日本黒酢研究会、第10回学術研究会開催 矢澤会長「黒酢の基礎・応用研究を加速させ、予防医学に寄与していきたい」
日本黒酢研究会(矢澤一良会長)は27日、「第10回学術研究会」を都内で開催し、約60人の関係者が参加した。同研究会は2014年1月24日に設立。今回、節目となる第10回学術研究会の開催となった。
今回、「黒酢で導く健康寿命~黒酢の温故知新と人生百年時代~」をテーマに掲げ、“Well-being”の視点から、発酵食品の有効性や黒酢の寿命、健康や予防医学に関わる温故知新、学術的な研究成果について講演した。
冒頭、同研究会会長で、早稲田大学ナノ・ライフ創新研究機構、規範科学総合研究所、ヘルスフード科学部門長の矢澤一良氏が登壇。
矢澤氏は、「Covid-19パンデミックで2年間開催を自粛したが、各界における多くのダメージはあるものの、反面教師で『予防医学』の重要さを認識できたようにも思う。これまでの11年を振り返り、今後も『食による予防医学』の視点から、黒酢の基礎、応用研究を加速することで、人々の健康を守り、疾患リスクを下げ、予防医学に寄与するために、各分野の研究者が情報を活発に交換し、討議する場を提供することを継続したいと考えている」と挨拶した。
味噌の腸内改善効果を確認
基調講演として宮城大学食産業学群教授で、NPO法人発酵文化推進機構 副理事長の金内誠氏が「奇跡の発酵食品『味噌』~LPS消去タンパク質の探索~」と題して講演した。

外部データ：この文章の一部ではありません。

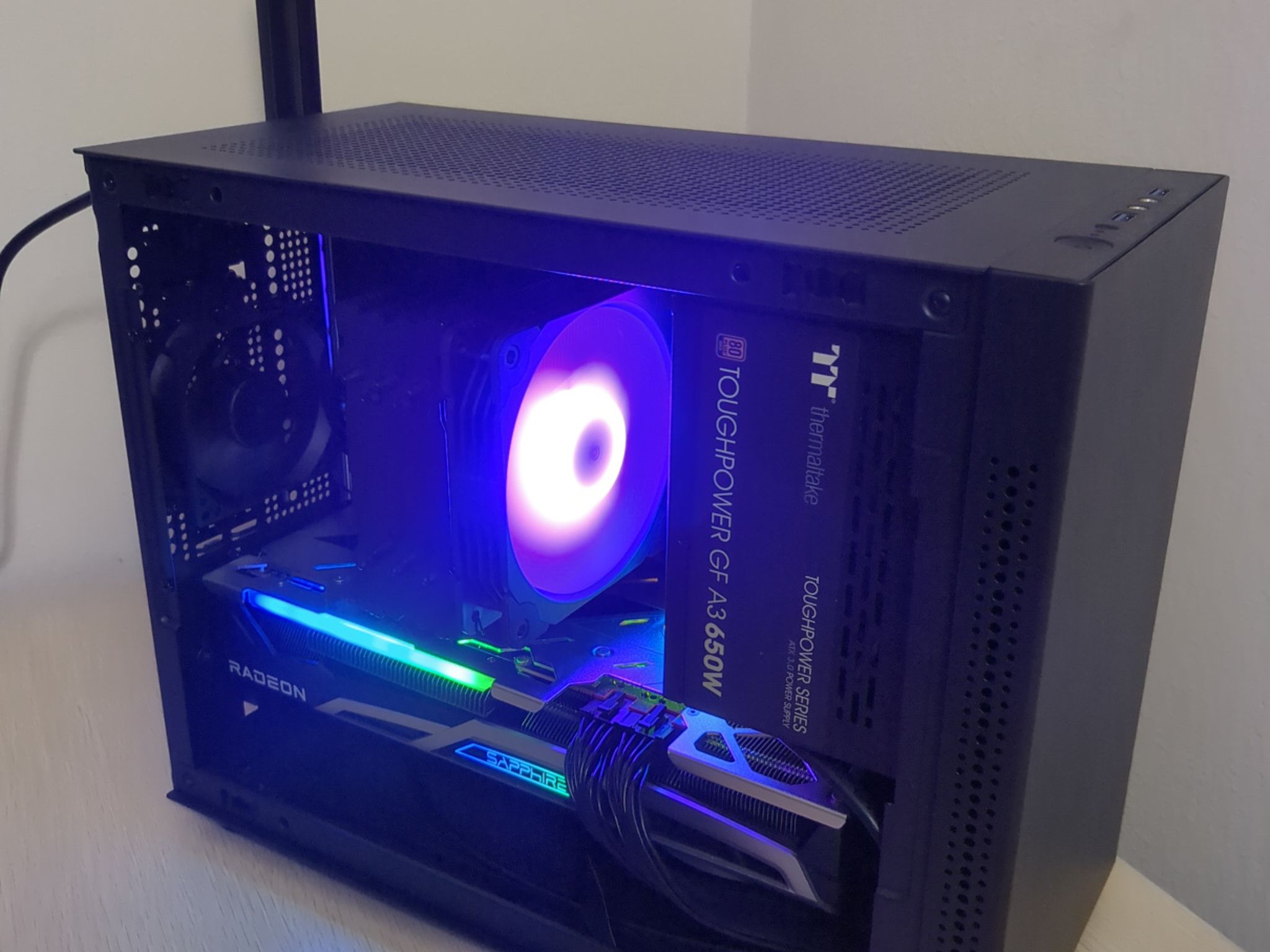 RX 6700XT, Ryzen 5 5600X Gaming PC (32GB RAM, 1TB SSD, Win11 Pro)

これまでの研究では、ある種の乳酸菌が大腸菌由来のLPS(リポ多糖)を中和(消去)することを確認し、腸内で抗炎症効果をもたらす可能性が示唆されてきた。同氏は、日常的に摂取可能でLPS中和効果を有する食品の探索が求められるとして、日本に馴染み深い味噌に着目。LPS中和効果を測定することで、腸内改善効果の評価を目ざした。
日本全国の異なるタイプの味噌20数種類のLPS中和活性を調査した結果、85%の中和活性を示す味噌が1種類、50~80%が4種類、19~50%が10種類存在した。また、LPS中和活性は、味噌中の可溶性窒素量と強い相関を示し、味噌中のペプチドまたはタンパク質が関与していると考えられる。また味噌中のLPS中和活性タンパク質は、マクロファージ細胞におけるプロスタグランジンD2の産生を抑制し、抗炎症効果も示したという。
これらの結果から同氏は「味噌はLPS中和活性を有し、『腸内環境の改善効果』を持つ新たな健康機能性食品として可能性を示すことができた」と話した。